Beyond the Numbers: The Oil Spill Liability Tax
For this discussion on motor fuels taxation issues, Beyond the Numbers sits with two of Weaver’s industry leaders, Emilda Santiesteban and Leanne Sobel, J.D., both Directors of Motor Fuels and Excise Tax Services. They join host, Tyler Kern, to explore motor fuel taxation dynamics and offer their insights on a constitutional challenge to the federal oil spill liability tax.

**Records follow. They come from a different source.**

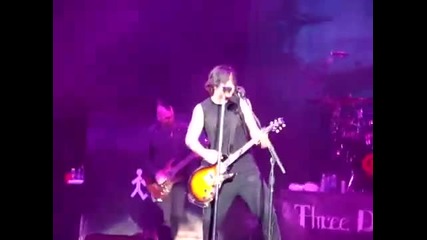 Three Days Grace - I Hate Everything About You 2007 live 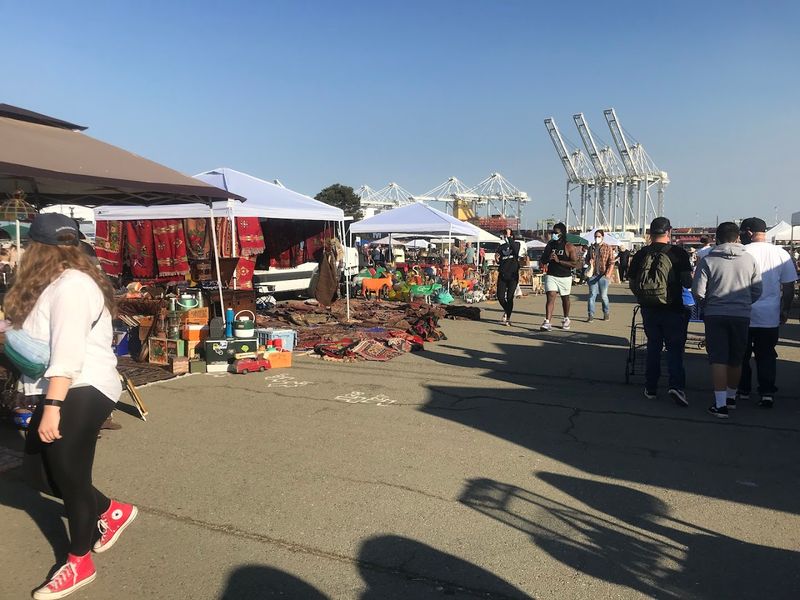 800-Plus Vendors Spread Across a Sprawling Outdoor Space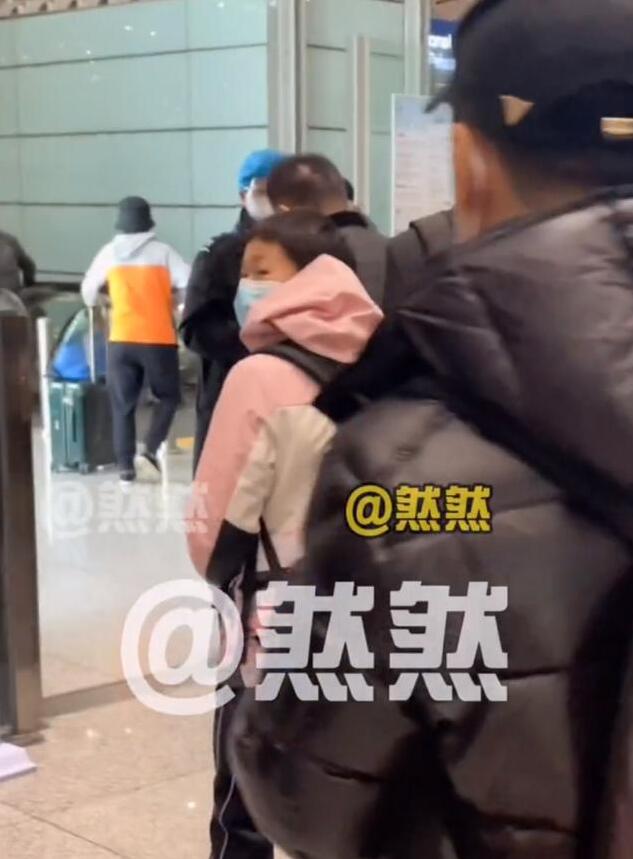 全红婵机场出征照曝光！教练形影不离并非陈若琳，告别粉丝好暖心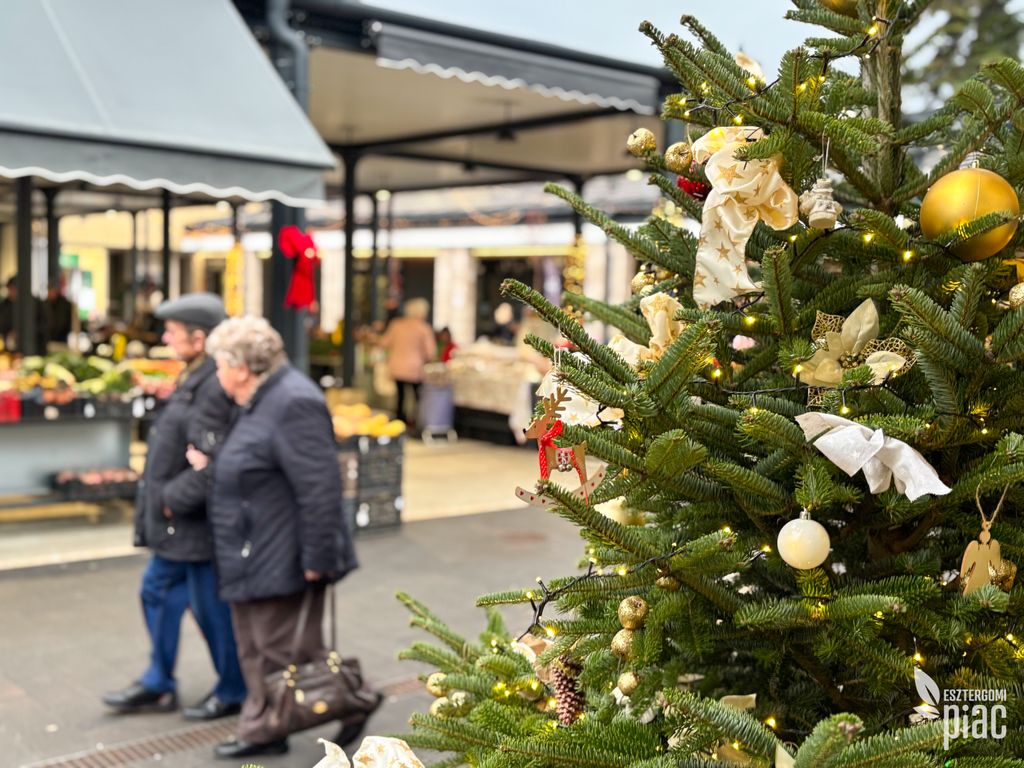 Adventi készülődés az Esztergomi Piacon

Sobel discusses the four main areas taxed under the oil spill liability tax, which levies a barrel tax on oil and petroleum products. These taxes get placed on both crude oil and petroleum products imported into the United States. Domestic crude oil received at a refinery also gets taxed, and lastly, there is a provision in the statute to impose the oil spill tax on crude oil exported from the United States if previously untaxed.
On March 24, 2022, the Fifth Circuit Court of Appeals found the federal oil spill tax under IRC Section 4611(b) unconstitutional when imposed on exports of crude oil from the United States; a ruling that will require the government to refund $4.5 million of previously collected oil spill excise tax. The ruling indicates taxes levied on crude oil exports were unconstitutional under the U.S. constitution’s export clause. Sobel and Santiesteban explain that prior to 2016 strict controls existed on oil exports from the United States.
However, export restrictions were lifted after 2016 which led to an uptick in export taxes on crude oil. The constitutionality of these taxes has come into question, and the courts ultimately agreed with an earlier decision that found export fees to be unconstitutional.
The United States has not filed an appeal to the Supreme Court in this matter. “With regards to taxpayers and industry participants, it is time to consider how to proceed if the case stands. What does that mean for tax they have already paid into the treasury for exports of crude oil?” Sobel said.